Questions fréquentes

Que faire si ma propriété est incluse dans le domaine public communal ?
Vous pouvez contester l'arrêté de délimitation devant le tribunal administratif dans un délai de deux mois à compter de sa notification ou de sa publication. Il est conseillé de rassembler les preuves de votre droit de propriété (actes notariés, plans, etc.).
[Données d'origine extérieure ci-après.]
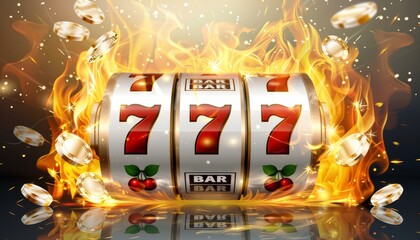 Casino slot machine concept with big win 777 in lottery game for jackpot win excitement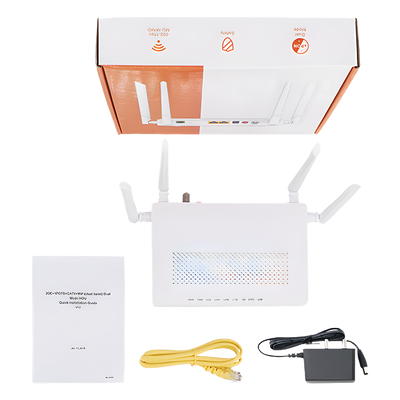 V2802-ACT - ONU Dual PON / Wi-Fi Doble Banda AC1200 / 2 Puertos Gigabit / Puerto CATV con AGC / 4 Antenas de Alta Ganancia / Gestión Remota OLT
Quels sont les critères pour qu'un terrain soit inclus dans le domaine public ?
Un terrain est inclus dans le domaine public s'il est affecté à l'usage direct du public ou à un service public, et s'il est aménagé à cette fin. La propriété de la personne publique est également requise.
Une commune peut-elle inclure une parcelle privée dans le domaine public sans en être propriétaire ?
Non, la commune doit être propriétaire du terrain pour l'inclure dans le domaine public. Si elle ne l'est pas, l'inclusion est illégale et peut être annulée par le juge.
Quel est le rôle du juge administratif dans la délimitation du domaine public ?
Le juge administratif contrôle la légalité de l'arrêté de délimitation, notamment en vérifiant que la commune est propriétaire des parcelles incluses et que les conditions d'affectation sont remplies.
Quels sont les recours contre une décision du maire concernant le domaine public ?
Vous pouvez former un recours gracieux ou hiérarchique, puis un recours contentieux devant le tribunal administratif. En cas de rejet, un appel devant la cour administrative d'appel et un pourvoi en cassation devant le Conseil d'État sont possibles.
Comment prouver que je suis propriétaire d'un terrain inclus dans le domaine public ?
Vous pouvez produire des actes notariés, des extraits du cadastre, des attestations de propriété, ou tout document établissant votre droit de propriété. En cas de litige, le juge appréciera ces preuves.